TASK OBJECTIVE
Find the line with "Tim Hortons Kaffeetasse/Ontario/Kanada" in the entries below. Repeat it, every following line, and the line with "Estrutura de madeira", exactly and with nothing added.

(Beginning of TASK INPUTS)

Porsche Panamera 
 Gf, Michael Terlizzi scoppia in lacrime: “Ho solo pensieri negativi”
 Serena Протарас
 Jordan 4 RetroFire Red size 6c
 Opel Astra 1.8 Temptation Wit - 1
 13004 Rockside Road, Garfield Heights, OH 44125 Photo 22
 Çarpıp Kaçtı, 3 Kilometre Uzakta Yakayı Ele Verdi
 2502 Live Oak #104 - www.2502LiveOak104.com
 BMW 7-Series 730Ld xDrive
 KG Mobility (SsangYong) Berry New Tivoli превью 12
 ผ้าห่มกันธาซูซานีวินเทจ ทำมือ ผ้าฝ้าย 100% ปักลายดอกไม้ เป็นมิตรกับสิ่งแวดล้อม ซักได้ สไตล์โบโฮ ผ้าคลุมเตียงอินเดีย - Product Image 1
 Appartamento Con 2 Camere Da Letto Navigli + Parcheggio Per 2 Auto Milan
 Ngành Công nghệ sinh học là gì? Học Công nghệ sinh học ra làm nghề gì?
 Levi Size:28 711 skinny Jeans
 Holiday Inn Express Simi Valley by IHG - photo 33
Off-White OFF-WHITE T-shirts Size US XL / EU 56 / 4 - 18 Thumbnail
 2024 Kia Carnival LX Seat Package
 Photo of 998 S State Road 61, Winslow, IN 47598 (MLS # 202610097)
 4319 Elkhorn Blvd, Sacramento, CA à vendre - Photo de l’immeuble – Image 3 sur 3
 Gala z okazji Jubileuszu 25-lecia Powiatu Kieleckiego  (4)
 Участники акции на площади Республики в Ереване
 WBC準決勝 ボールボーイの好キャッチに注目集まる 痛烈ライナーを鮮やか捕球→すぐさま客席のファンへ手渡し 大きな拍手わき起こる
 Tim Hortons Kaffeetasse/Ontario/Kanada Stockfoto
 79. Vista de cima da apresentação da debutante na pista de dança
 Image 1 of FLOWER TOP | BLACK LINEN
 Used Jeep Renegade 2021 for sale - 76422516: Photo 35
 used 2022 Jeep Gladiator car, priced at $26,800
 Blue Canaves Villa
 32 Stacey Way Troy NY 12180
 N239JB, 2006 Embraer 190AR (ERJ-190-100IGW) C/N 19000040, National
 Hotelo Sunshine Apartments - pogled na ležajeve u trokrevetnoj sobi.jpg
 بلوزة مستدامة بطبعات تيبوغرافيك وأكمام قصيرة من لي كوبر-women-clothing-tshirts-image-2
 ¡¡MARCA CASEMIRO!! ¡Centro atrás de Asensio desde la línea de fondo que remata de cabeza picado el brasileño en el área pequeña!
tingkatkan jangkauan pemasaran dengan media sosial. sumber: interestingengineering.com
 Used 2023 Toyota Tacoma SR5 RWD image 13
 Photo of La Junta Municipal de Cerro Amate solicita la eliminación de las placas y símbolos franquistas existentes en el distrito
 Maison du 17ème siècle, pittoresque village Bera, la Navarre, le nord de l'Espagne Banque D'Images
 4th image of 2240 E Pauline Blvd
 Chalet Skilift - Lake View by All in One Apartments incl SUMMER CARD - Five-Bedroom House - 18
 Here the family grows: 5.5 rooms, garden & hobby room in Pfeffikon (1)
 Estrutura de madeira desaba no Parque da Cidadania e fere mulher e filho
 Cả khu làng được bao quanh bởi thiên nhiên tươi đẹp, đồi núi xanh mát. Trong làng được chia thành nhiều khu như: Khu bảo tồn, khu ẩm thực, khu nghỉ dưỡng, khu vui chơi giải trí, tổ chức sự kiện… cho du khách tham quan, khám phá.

(End of TASK INPUTS)

RESPONSE FOR THIS EXERCISE
 Tim Hortons Kaffeetasse/Ontario/Kanada Stockfoto
 79. Vista de cima da apresentação da debutante na pista de dança
 Image 1 of FLOWER TOP | BLACK LINEN
 Used Jeep Renegade 2021 for sale - 76422516: Photo 35
 used 2022 Jeep Gladiator car, priced at $26,800
 Blue Canaves Villa
 32 Stacey Way Troy NY 12180
 N239JB, 2006 Embraer 190AR (ERJ-190-100IGW) C/N 19000040, National
 Hotelo Sunshine Apartments - pogled na ležajeve u trokrevetnoj sobi.jpg
 بلوزة مستدامة بطبعات تيبوغرافيك وأكمام قصيرة من لي كوبر-women-clothing-tshirts-image-2
 ¡¡MARCA CASEMIRO!! ¡Centro atrás de Asensio desde la línea de fondo que remata de cabeza picado el brasileño en el área pequeña!
tingkatkan jangkauan pemasaran dengan media sosial. sumber: interestingengineering.com
 Used 2023 Toyota Tacoma SR5 RWD image 13
 Photo of La Junta Municipal de Cerro Amate solicita la eliminación de las placas y símbolos franquistas existentes en el distrito
 Maison du 17ème siècle, pittoresque village Bera, la Navarre, le nord de l'Espagne Banque D'Images
 4th image of 2240 E Pauline Blvd
 Chalet Skilift - Lake View by All in One Apartments incl SUMMER CARD - Five-Bedroom House - 18
 Here the family grows: 5.5 rooms, garden & hobby room in Pfeffikon (1)
 Estrutura de madeira desaba no Parque da Cidadania e fere mulher e filho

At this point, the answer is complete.